(DATA FOR THIS TASK begins)

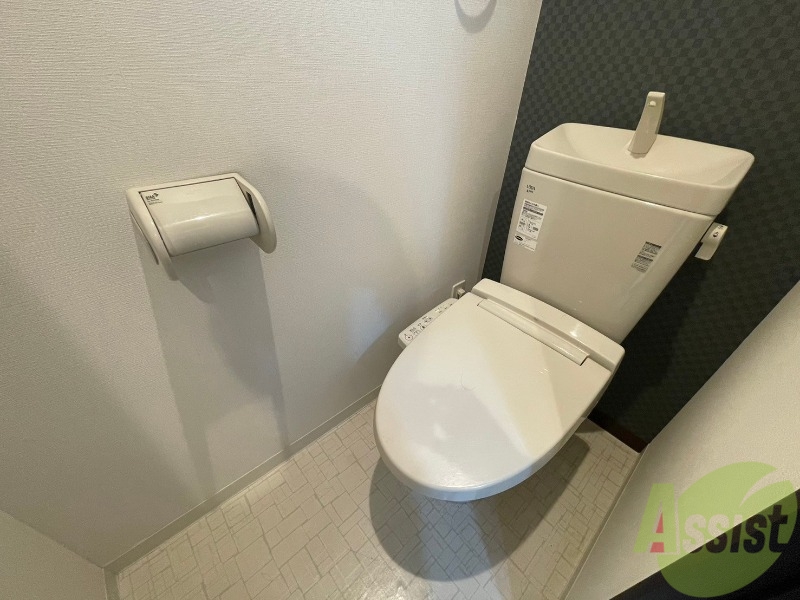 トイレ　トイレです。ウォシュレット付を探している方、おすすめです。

(DATA FOR THIS TASK ends)
(DATA FOR THIS TASK begins)

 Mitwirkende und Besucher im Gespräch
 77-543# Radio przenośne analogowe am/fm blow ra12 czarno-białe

(DATA FOR THIS TASK ends)
(DATA FOR THIS TASK begins)

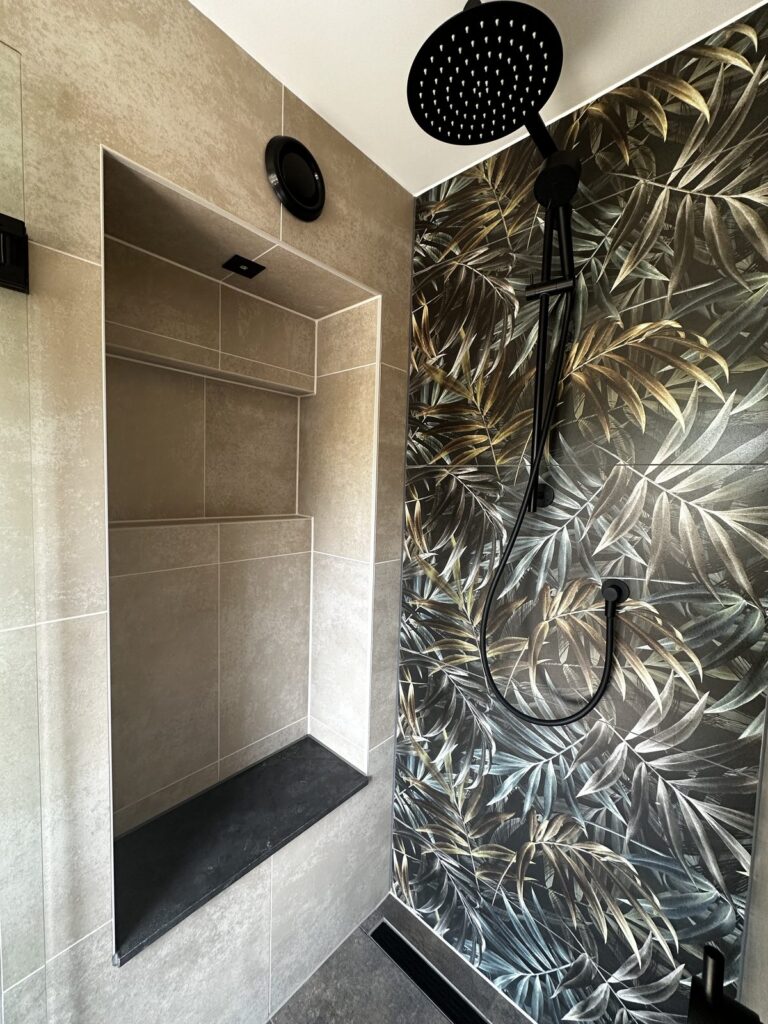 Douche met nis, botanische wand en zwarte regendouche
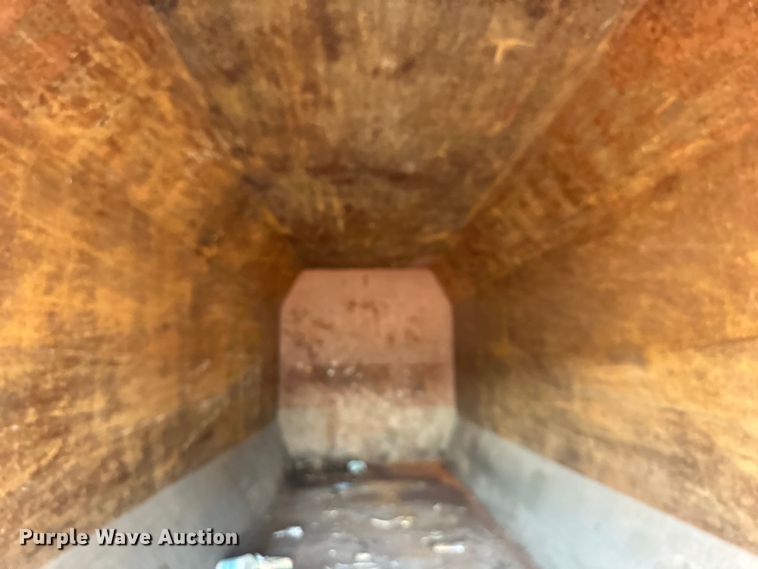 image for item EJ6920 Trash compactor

(DATA FOR THIS TASK ends)

__TASK OBJECTIVE__
Return exactly the stretch above whose first line contains "Douche met nis, botanische" and whose last line contains "image for item EJ6920 Trash compactor", and nothing outside it. The pictures should not appear.

__EXERCISE OUTPUT__
 Douche met nis, botanische wand en zwarte regendouche
 image for item EJ6920 Trash compactor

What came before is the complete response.